I want to talk about the things I loved about India. Firstly the food. There are apparently more vegetarians in India alone than the rest of the world combined. Forty percent of the population is vegetarian. You saw the population figures in the last post. That’s a lot of vegetarians. India is heaven for vegetarians.
Raj Ghat for Ghandi
As it happens I love curry and I got to eat curry for breakfast, lunch and supper. As you do in India. Most Indian menus have a tiny section with ‘non-vegetarian’ food. It’s normally the other way round in Western countries. I’ve never had it so good. One word of warning. Do not under any circumstances eat street food. Our tour guide told us exactly where we could and couldn’t eat. After three weeks, I got brave and tried a place he hadn’t suggested and I got – Delhi Belly. I won’t elaborate but you do NOT want this to happen to you.
The face says it all – Greenie about to tuck into a curry
The same applies to bottled water that the locals sell on the streets. We were told it’s not always clean pure water so don’t even think about buying it. Indian curries come with lots of accompaniments and trying out various vegetables and masala (spice) combinations was great fun. Not to missed either is Masala Chai (spiced tea), Lassi (smoothie) and Indian. They have so many sweets to choose from and are unlike anything in the west.
One little piece of advice. Indians eat their curries fire hot. If you get asked how you like your curry, there is a big difference between an English hot curry and an Indian hot curry. Start with a mild curry and work up to your preferred heat from there.
Heritage accommodation
India is a shoppers paradise. Pack light because you are sure to do quite a bit of shopping. You can’t help it. Prices are good and you find things unlike anything anywhere else. I bought embroidered pashminas, Kerela towels (great for traveling), hand-made leather shoes, gorgeous fabrics, jewelery made with silver and semi precious stones, books and cotton bohemian style clothing. There are also table cloths, bed linen, teas, hand carved wooden items, cloth bags and much, much more. If I could have, I would have bought more.

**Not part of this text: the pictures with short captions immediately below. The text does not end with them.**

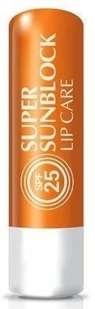 Equalan GlySkinCare Super Sunblock Lip Care SPF 25 pomadka ochronna 4,9 g - Balsamy i kremy do opalania - miniaturka - grafika 2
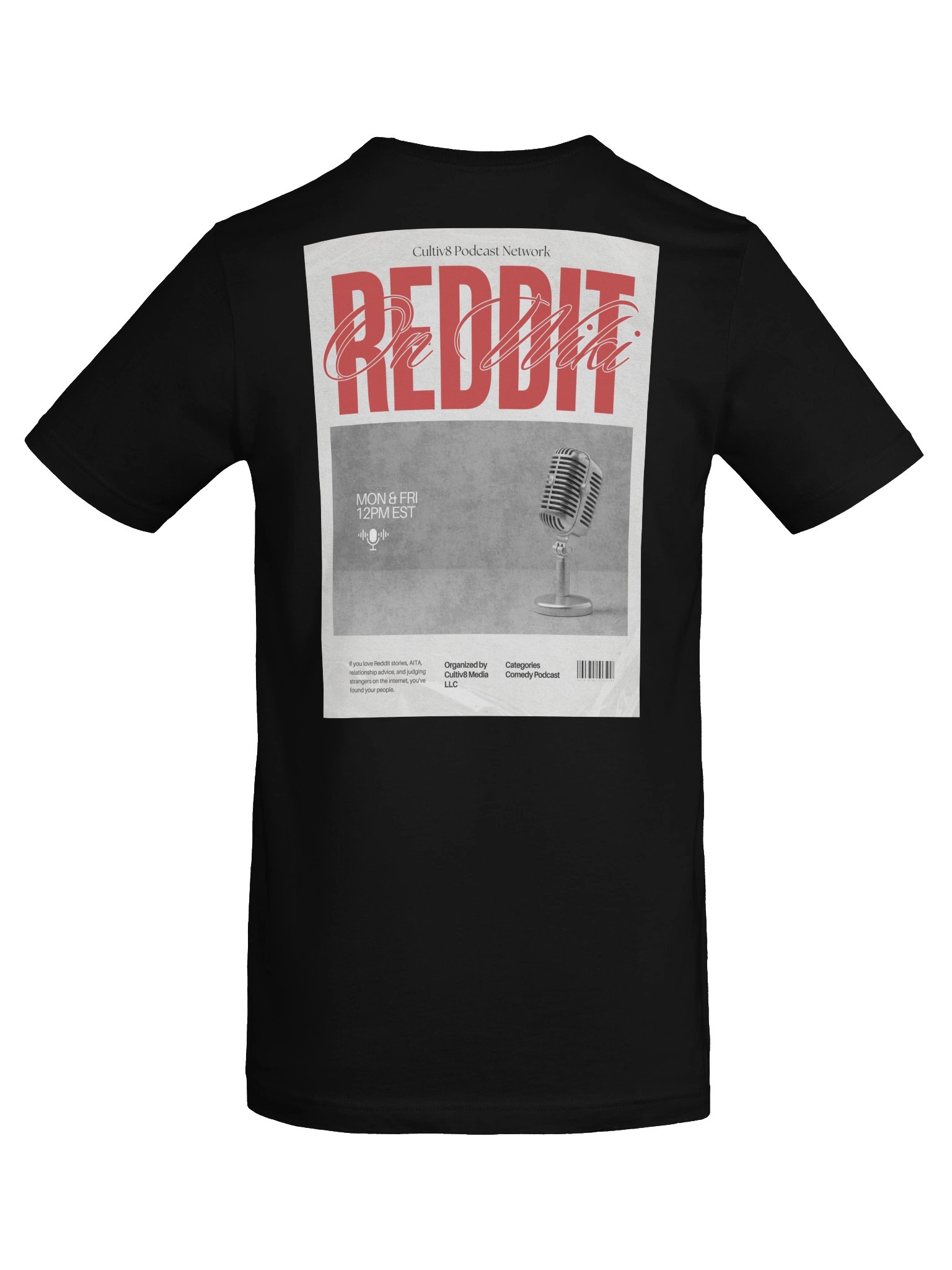Reddit On Wiki Flyer - Supersoft Tee product image (59)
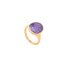 Marco Bicego ring in geel goud 18kt met charoiet - thumb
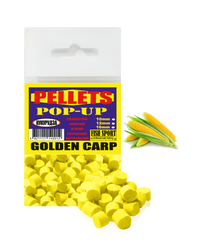 Пелетс плаваючий (КУКУРУДЗА) 12mm GOLDEN CARP POP-UP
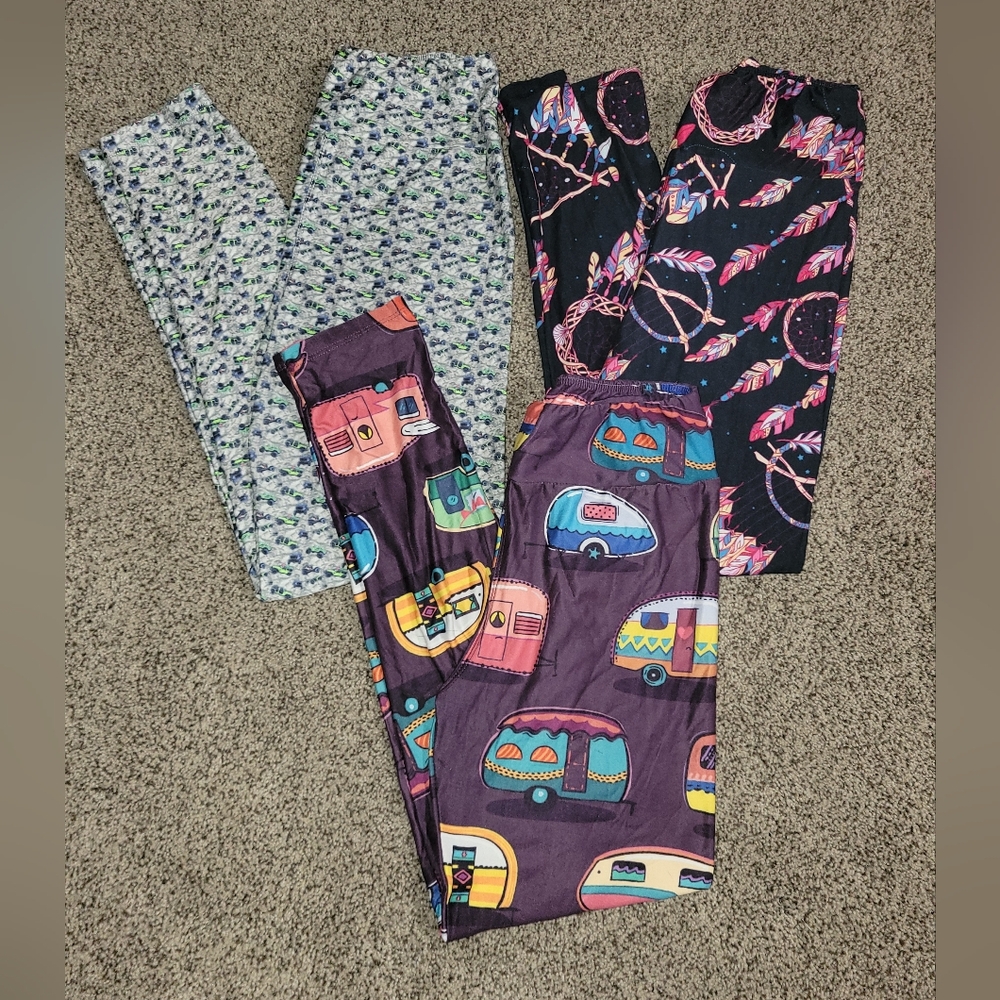 Colorful Patterned Women's Leggings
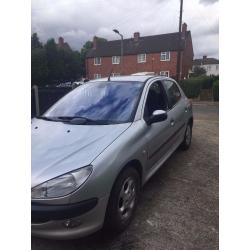 Peugeot 206 2003 12 Months MOT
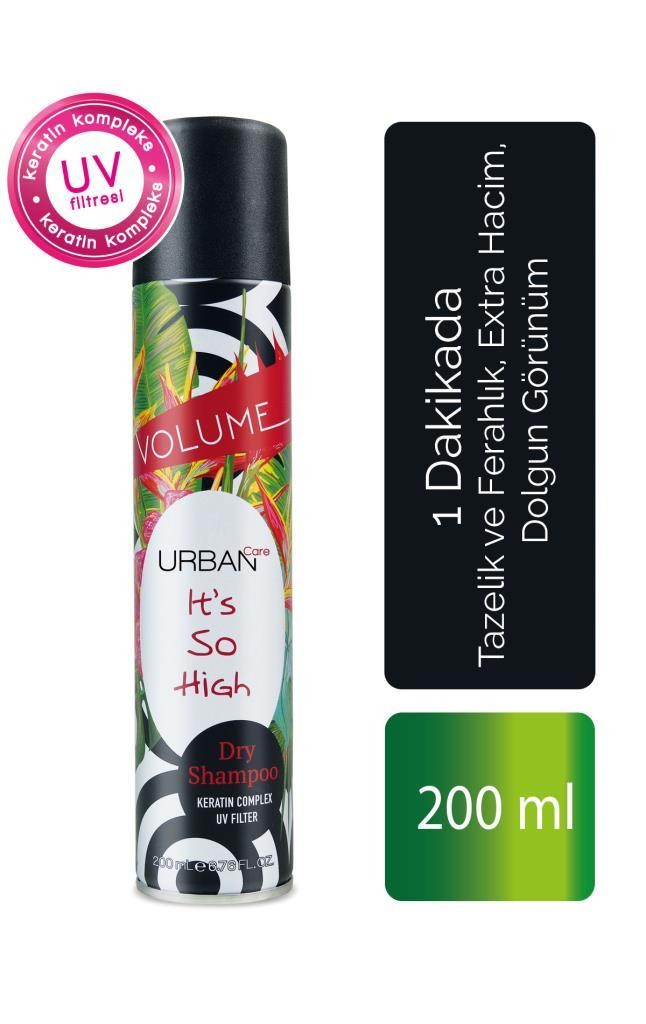 Urban Care It's So High Dry Shampoo Kuru Şampuan 200 ml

Visiting a local villager to taste chickpea dumplings
The best prices are to be found on the streets at the markets. Locals will try and push their prices up on seeing you are a foreigner so first walk around going from stall to stall. Check prices between vendors. It won’t take long before sellers run after you dropping their prices and hustling, trying to score a sale. If it all gets too much, and it can, it’s easier to shop at the tourist shops. Prices are higher but you still get good deals and you will be safe from over pushy traders. One thing I can promise, if the street traders spot a buyer, they will hound and harass you, even after you have bought bags of goods, they will go on and on trying to sell to you. If you can tough it out you will get excellent bargains.
I visited – The Golden Triangle – which is where most new visitors to India go and India’s most popular destination. The triangle is between Delhi, Agra and Jaipur. Our tour took in lots of temples and historical places. Key attractions in the big cities such as the Taj Mahal and Raj Ghat are included but we also got to stay in places like the Venice of the east – Udaipur.
Venice of the East – Udaipur
Our accommodation at night was mostly in old palaces, castles and forts. India has an affirmative action policy whereby people from lower castes are being given opportunities to move up the ladder. Royal and land owning families are exempt from these programmes. As a result many are turning their land, palaces and castles into tourist accommodation to make a living. We took turns to sleep in the royal quarters which are historical rooms decorated in heritage style. Accommodation on the tour was interesting and varied. Our tour guide told us he was a prince. His father was apparently a Maharajah and his mum a Maharani.
Local ladies washing clothes in the lake
Breakfast was included. Sometimes our evening meal plus entertainment by local musicians and dancers was in-house. Or we went out to a restaurant for our evening meal. I like a glass of wine with my supper but in India I took to drinking one of their local beers – Kingfisher with our meals.